Amongst Singer’s many books and stories, more than 32 have been illustrated. Matching strong drawings to immemorial words takes courage and 17 artists have matched Singer image for image with their inventive illustrations.

Singer’s stories include people pushed by circumstances to the edge of reason. Surviving by their wits, they turn to prostitution, usury, robbery, and gluttony, not missing a single deadly sin. Ira Moskowitz and Raphael Soyer, both friends of the writer, captured the bawdy, licentious, raucous and supernatural aspects of personalities ravaged by harsh conditions and their own consciences. These people are ever fighting with their moral rectitude and piety while giving way to the enjoyment of ‘sinful’ behavior. Moskowitz illustrated several books as well as portfolios inspired by individual personalities. His rabbinic series is one of ecstatic devotion and stands in stunning contrast to the licentious drawings. Soyer, who illustrated four seminal works, ranges from poignant contemporary New York street scenes to the provocative imagined world of visual storytelling.

Larry Rivers produced three illustrations for an edition of The Magician of Lublin, capturing the gravity of spiritual transformation inherent in the story. Reaching deeply into his own Jewish heritage, Rivers visually translated the dynamic tensions of the novel. Maurice Sendak illustrated two Singer works. In Zlateh the Goat, a collection of children’s stories that take place in a fantasy of the rural Polish landscape, there is a whimsical reality to these illustrations enabling readers to embed themselves in Singer’s world. Sendak’s unfamiliar illustration for The Saturday Evening Post in 1968 reveals his now signature manic style, dense with familiar but obsessed characters.

Irene Lieblich, a Holocaust survivor from Poland, shared a mutually life-enhancing friendship with Singer. Her memories of village life captured with joyous naivete the evocative landscape that was faithful to his own recollections of the shtetl. Singer wrote that “Her works are rooted in Jewish folklore and faithful to Jewish life and spirit.”

Eric Carle brings a joyful collage of color and vitality to Why Noah Chose the Dove, embracing the universality and audacity of the biblical story. William Pene Du Bois, with delicacy, grace, and imaginative humor enhances Singer’s fantasy tale, The Topsy-Turvy Emperor of China. Leonard Everrett Fisher, whose monumentally powerful ‘scratchboard drawings’ extract the iconic, biblical elements of Sodom and Gemorrah in The Wicked City. Yuri Shulevitz captures 16th-century aesthetic sensibilities in his sculptural depiction of The Golem. Precise and haunting, Shulevitz’s drawings intensify the haunting tale.

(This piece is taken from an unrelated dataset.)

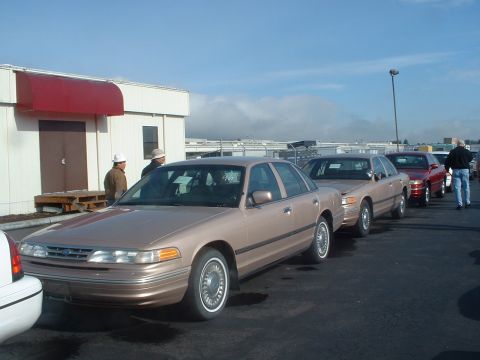 1999 Ford Crown Victoria - A set of tan '96 Crown Vics. Both are former CPT. cars.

Antonio Frasconi uses an Italianate sensibility to explore the time, setting, and strength of Elijah the Slave, and, faithful to his signature woodcut technique, a Polish aspect to Yentel the Yeshiva Boy. The brooding, translucent quality of Nonny Hogrogian’s work reveals the inner turmoil of the characters, while the pure joy and silliness inherent in all of Margot Zemach’s illustrations capture the Yiddish wit of Singer’s stories.

The use of emotive photographs by Roman Vishniac jolts the viewer back to the stark reality at the source of Singer’s tales. In these introspective faces lie the tragedy, hopes, potential, and resilience of a lost era of adolescent dreams, imagined worlds, loss of innocence, and an ever-reflective memory. Singer remarked that he wrote for young people because “they still believe in God, the family, angels, devils, witches, goblins, and other such obsolete stuff.”

The exhibition is accompanied by an illustrated catalogue.